Tuesday, May 21, 2013

Patience, Prudence, Caring, and the Zone

It can take you many years to establish a great reputation - such treasure is not created overnight - but that same reputation can be destroyed in seconds.

We may wish those numbers were reversed and yet that is not the way life operates.

An account of the early life of Winston Churchill described him as a young man in a hurry. Churchill's dedication to his advancement was no small thing but he did not become prime minister until he was 65 and even that was a close call. [I'm appallingly behind with my own career schedule and may be an overnight success at 80.]

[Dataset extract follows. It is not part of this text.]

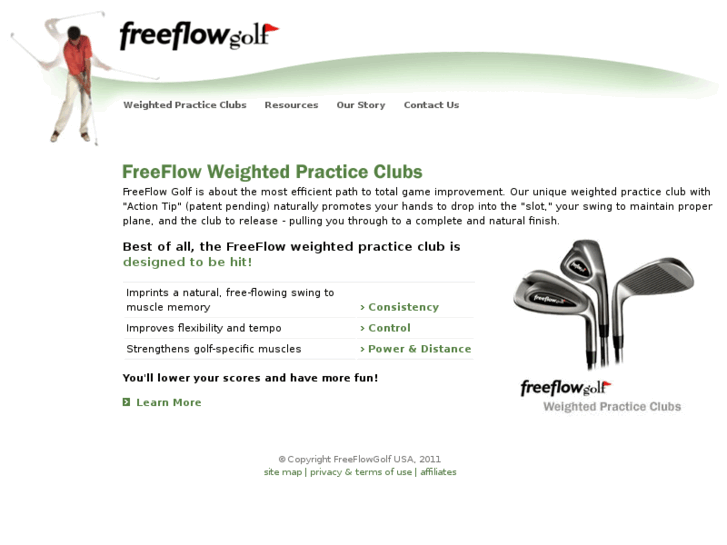 www.freeflowgolf.com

Consider the impact on the world, however, if Churchill had decided to pack it in after the Gallipoli disaster and write books. We'd probably be speaking German right now. Many of us wouldn't be around at all.  

Patience and prudence should be blended with caring. By that, I mean the wisdom to know what to care about, what not to care about, and the depth of each. Many of us spend way too much time fretting about things which, in retrospect, seem minor. A large portion of those worries involves matters over which we have little or no control. I have written earlier about the importance of having a zone of indifference. It is vital to care, but unless you develop such a zone, the world will drive you to despair.

The zone of indifference should be linked to similar zones of patience and prudence. Each filter enables you to function far more effectively and protects against the evils of impatience and indiscretion.

"But not to excess" should be on the prescription label of all of our virtues.